* [Assignment] For this exercise, copy all the data exactly and include none of the pictures.

* [Short web captions]

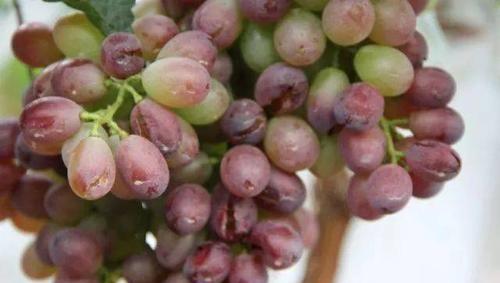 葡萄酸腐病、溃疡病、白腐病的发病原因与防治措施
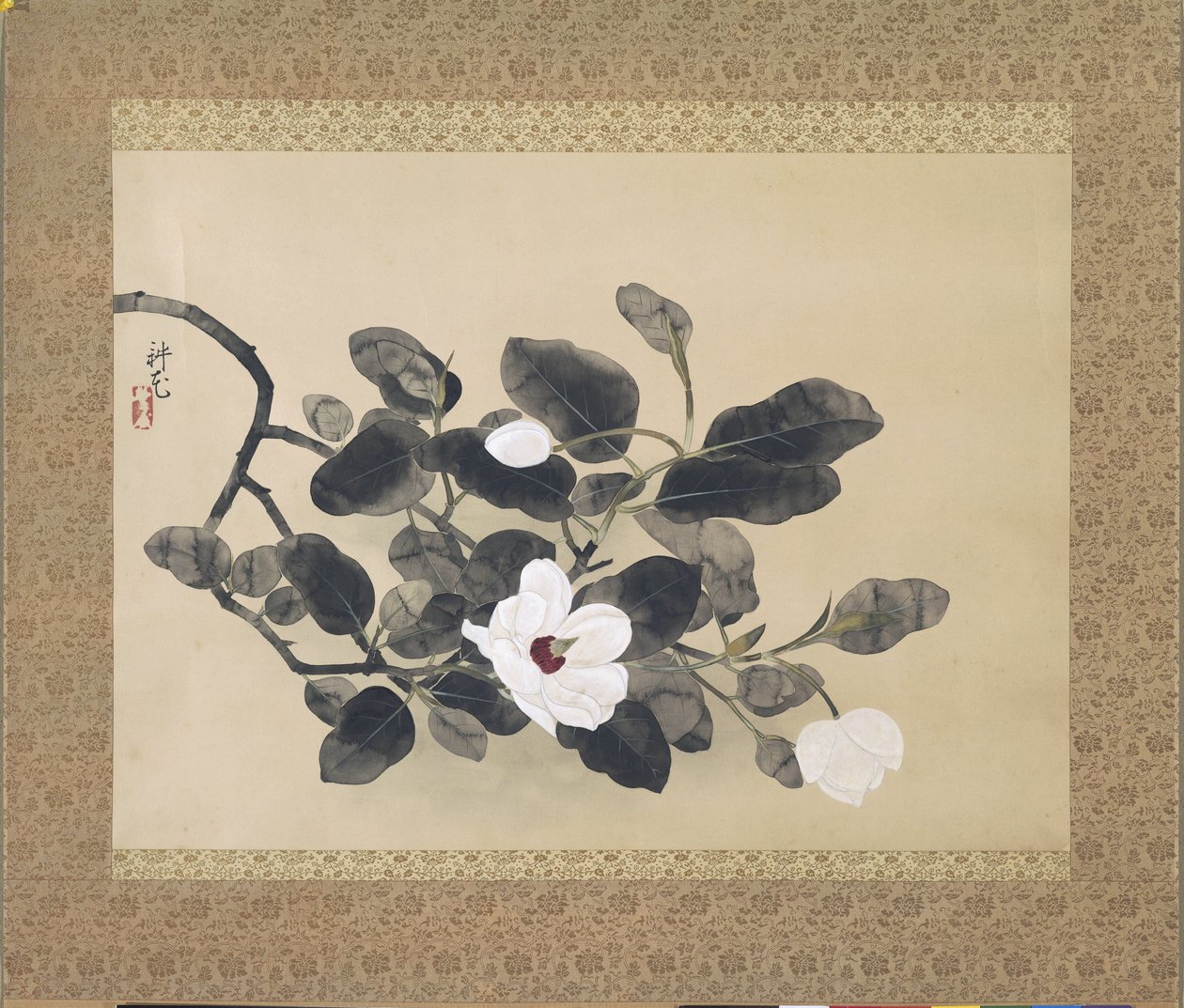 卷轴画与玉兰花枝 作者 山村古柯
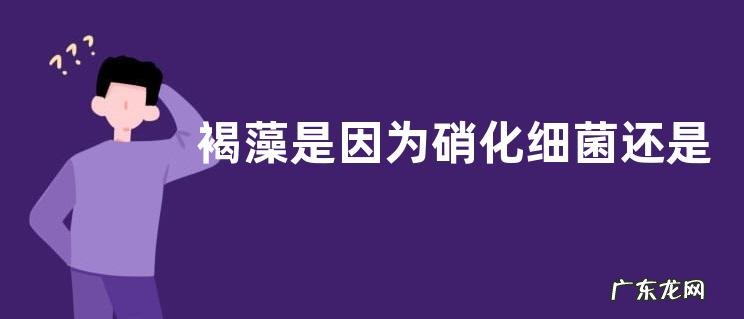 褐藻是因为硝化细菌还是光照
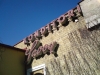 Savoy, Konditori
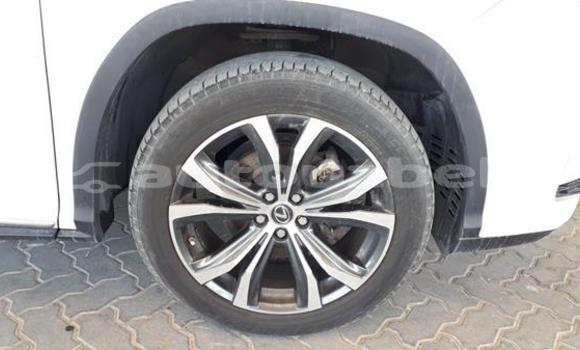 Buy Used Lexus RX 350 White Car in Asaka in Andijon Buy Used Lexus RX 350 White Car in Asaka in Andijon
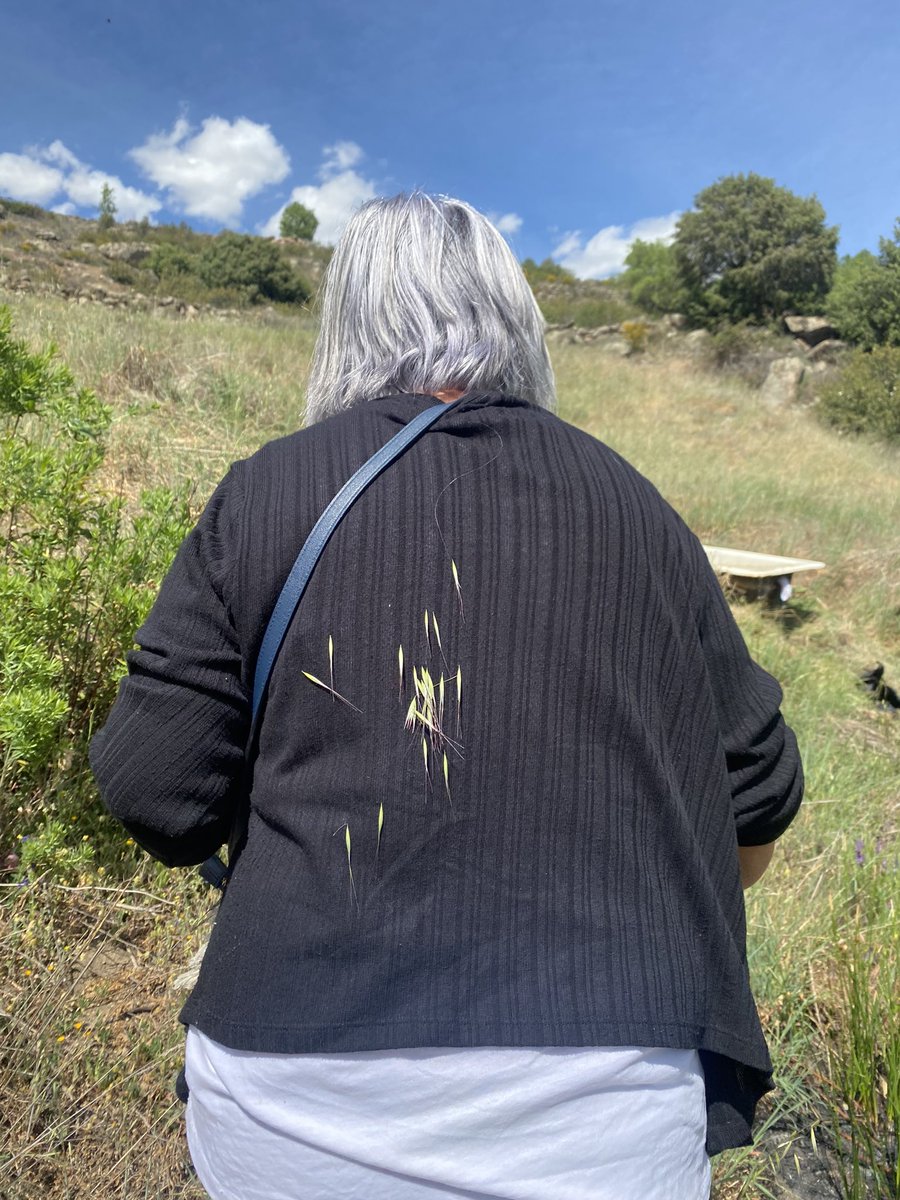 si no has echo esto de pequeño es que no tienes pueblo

* [Answer to this task]
 葡萄酸腐病、溃疡病、白腐病的发病原因与防治措施
 卷轴画与玉兰花枝 作者 山村古柯
 褐藻是因为硝化细菌还是光照
 Savoy, Konditori
 Buy Used Lexus RX 350 White Car in Asaka in Andijon Buy Used Lexus RX 350 White Car in Asaka in Andijon
 si no has echo esto de pequeño es que no tienes pueblo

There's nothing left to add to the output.